If asked how the first Africans arrived in Britain, most of us would assume that they arrived as slaves. Thanks to the Transatlantic Slave Trade, most of us associate slavery with Africa and imagine a country helpless to stop the onslaught of European ships pillaging its shores. The reality is a little more complicated. Even the word slave, now strongly associated with skin colour, originally came from Slav, and there were a million white slaves around Europe before the African trade began. History is, in fact, littered with records of slaves being bought and sold, and freed. The version we think of now is the uniquely cruel and entrenched form of the trade we know best. In previous centuries slavery was not necessarily life long, nor was it hereditary. Often enslavement occurred for a fixed term as a form of punishment. If it occurred as a result of capture then freedom could be bought. Importantly, most slaves were not taken all that far away from their original homes and so could return.
The severity and scale of the Transatlantic Slave Trade has created a false sense of history. Many of us are blinded by the pseudo-scientific classifications of race of that period and cannot imagine different. We are unable to look back into the decades and centuries before the trade began and not assume a vicious racism similar to more recent attitudes. Going through the records, Kaufmann found evidence of hundreds of Africans arriving and living in Tudor England. They came not as slaves but as sailors, musicians, merchants, or they came to learn English before returning home to be a trade factor. The dominance of Europeans over the African coast might have been true in the 18th century but in the Tudor period it was a very different power balance.

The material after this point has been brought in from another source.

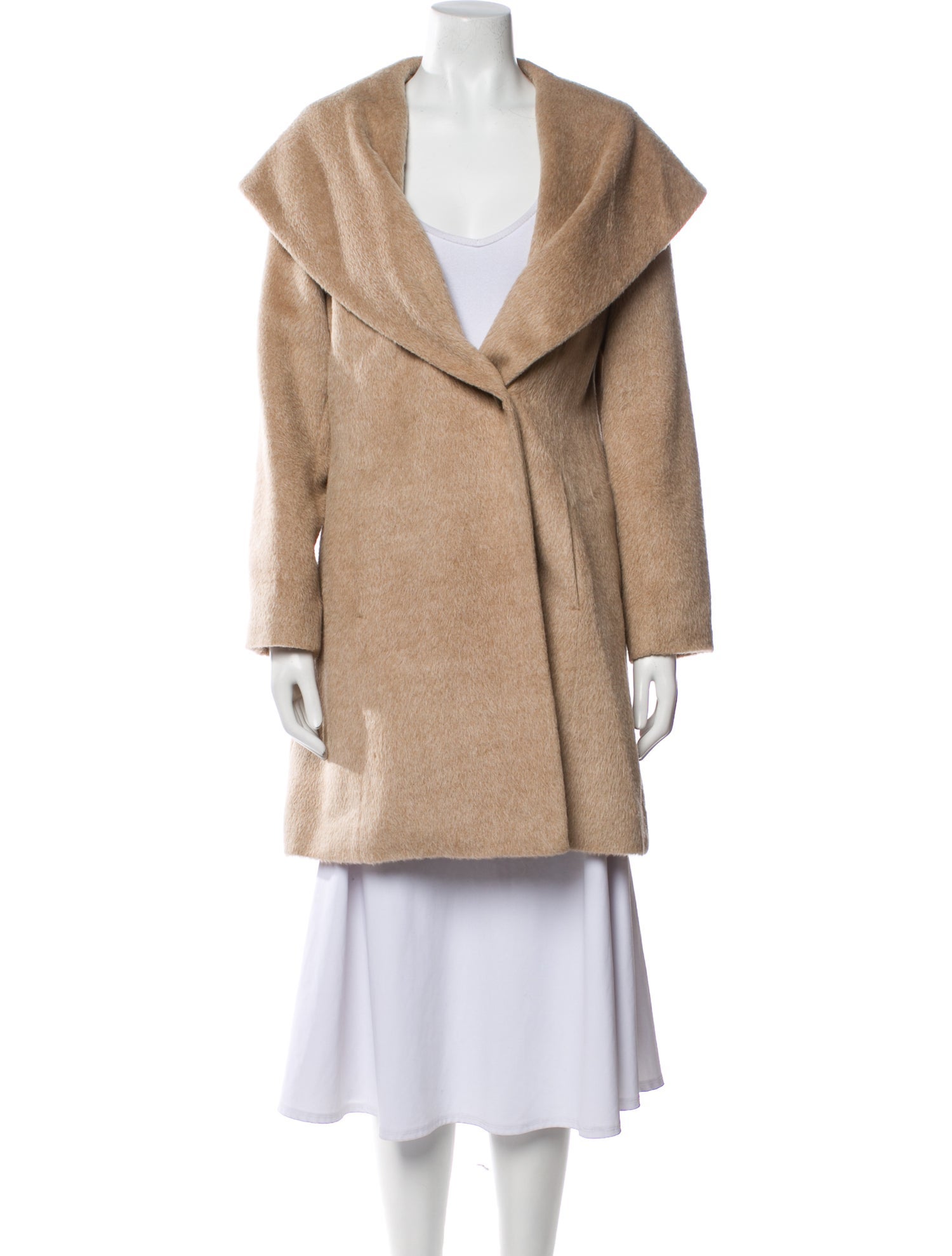 Trina Turk Wool Faux Fur Coat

Kaufmann has worked not just to find records of Africans in this period but also to unpick the assumptions that have littered previous scholarship. She focuses on the lives of ten individuals from the period from a salvage diver to a royal trumpeter. She explains that the details of their lives and their positions in society are there, it just takes someone determined to look for them.
Books on history have long been dominated by an obsession with the key figures of each period. This is perhaps understandable given that Kings and Queens and those that surround them have well documented lives. There is, however, a rising interest in finding out more about those who have been previously overlooked. Hopefully Black Tudors will be just one of many books that will spend a few hundred pages cheerfully making us trip over our assumptions and pause to take another look.